2006: His record of 59-21 and five straight playoff appearances made Donovan McNabb a no-brainer for the honors. After mocking the curse he suffered a “sports hernia” in the first game and had surgery after the ninth game. They finished last in the division.

2007: This is Shaun.

2008: Vince Young was the first rookie on the game. He hurt his leg in the fifth game and missed the next week; this was the first time in his entire life of football that he missed a game due to injury.  

Pretty compelling evidence. This may not be enough in a court-of-law, but you must admit that this seems to happen a lot.

  Another explanation is this: the players on the cover usually have gone above and beyond the season before, and they are more likely to be run down. Either way, it is a pattern.  

3. The End of His Prime: Shaun signed his contract when he was 28. I will give examples why this was a bad time to do it. The following is a list of star backs and how many seasons of 1,000-yards they had AFTER their 28 th birthday – circumstances are not important to these numbers! You will note that it is the “superstars” that had great careers past their prime. (+ = Hall of Fame)

Marcus Allen +: 0

Earl Campbell +: 0

Marshall Faulk : 0

Jerome Bettis : 1

Jim Brown +: 1  

Eric Dickerson +: 1

O.J. Simpson +: 1

Steve Van Buren +: 1

Corey Dillon : 2        

Franco Harris +: 2

Barry Sanders +: 2

Thurman Thomas +: 2

Tony Dorsett +: 3

Curtis Martin : 3

Walter Payton +: 4   

Emmitt Smith : 4


Shaun has zero seasons of 1,000-yards post-28. He is, however, 25 th on the all-time list ahead of Hall of Fame players such as: Campbell, Van Buren, Hugh McElhenny and Larry Csonka.  


He signs a contract that is seen as one of the biggest in the history of the league and he gets railed for it. Well, his numbers showed he should receive it. His yards say so and his rushing touchdown numbers rank him number seven on the all-time list ahead of Sanders, Bettis, Harris, Dickerson, Dillon and Dorsett.

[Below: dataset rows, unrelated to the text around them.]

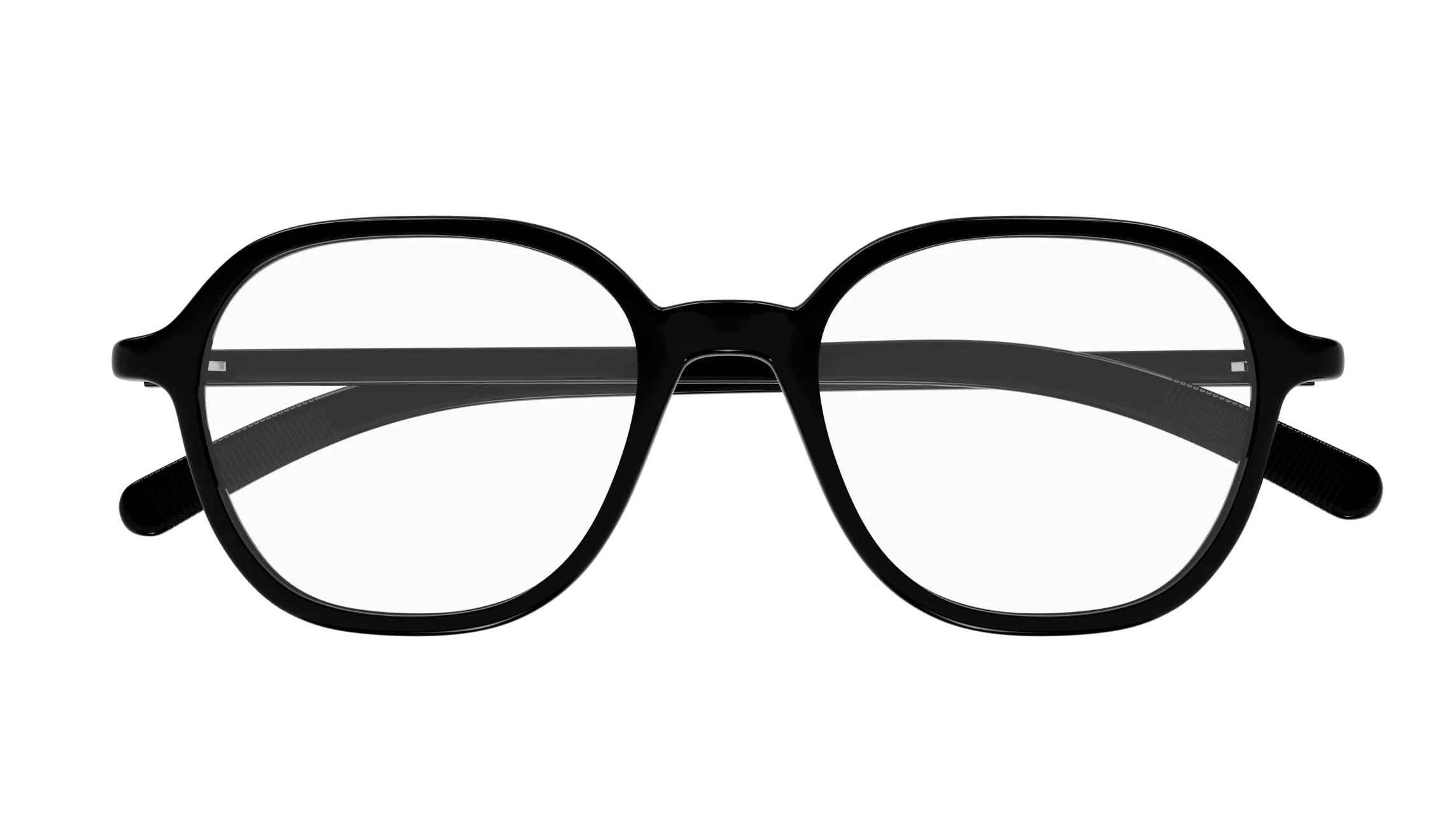 MONTBLANC EYEGLASSES - MB0387O 001 51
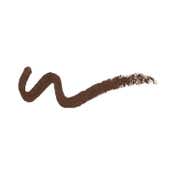 KIKO Milano Smart Color Eye Pencil - 04 Pearly Golden Brown (1.1 g)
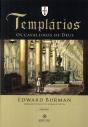 Templários - Os Cavaleiros de Deus - Preview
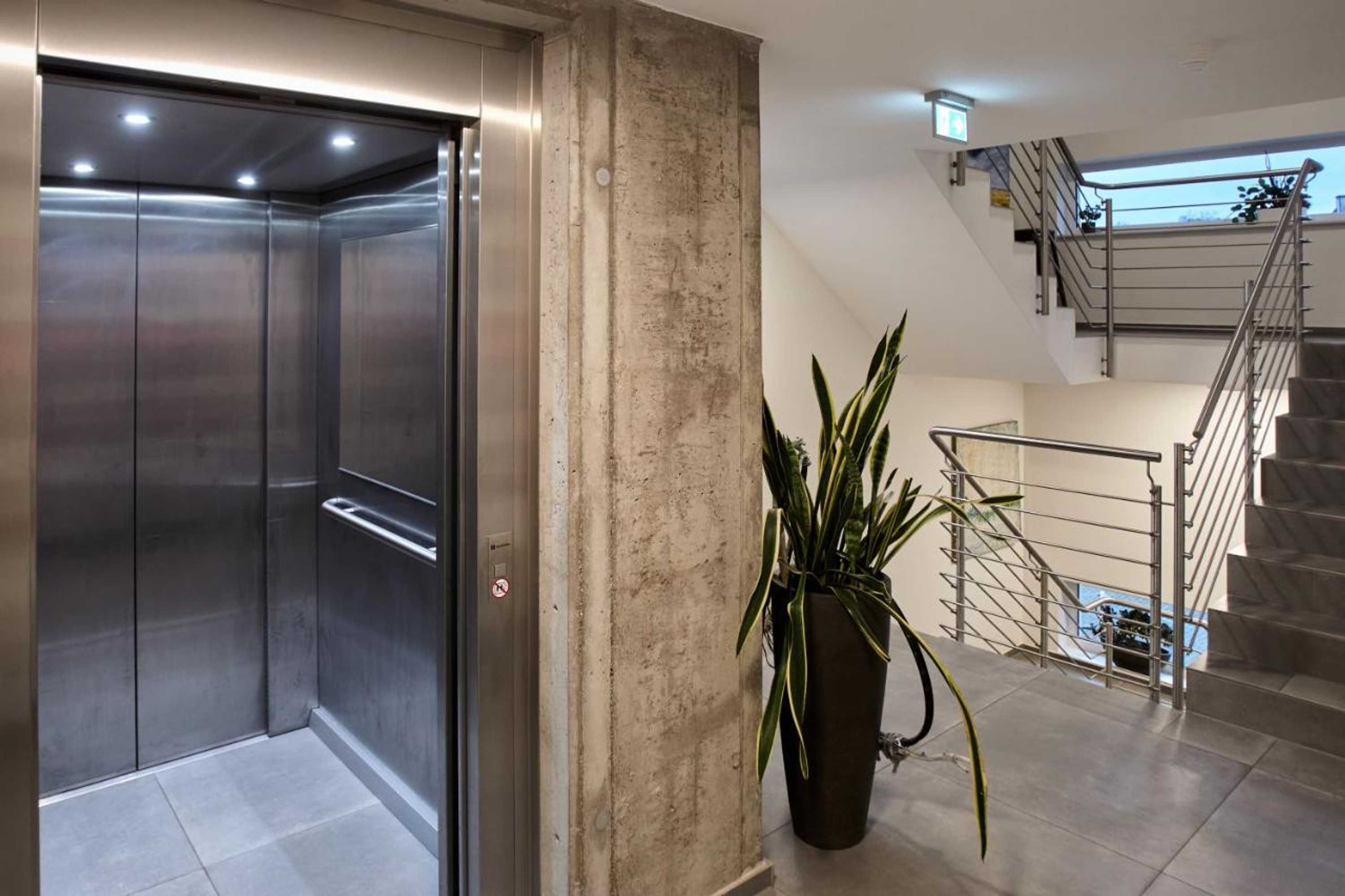 Gift card for Cityhotel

All of the eligible players ahead of him on the list are in the Hall of Fame, so why is he such a bad player? Why has the world turned against him when he has done everything that was expected of him? If you think he is soft, then that is your own issue - you try getting hit by a 270-lb man 35 times a game.

The problem he faced was this mixture of three problematic situations that created a tidal wave that swept him right out of Seattle.

Thank you, Shaun for all you have done in Seattle. Your last seasons may have been rough, but I will never forget what you have done for the Seahawks.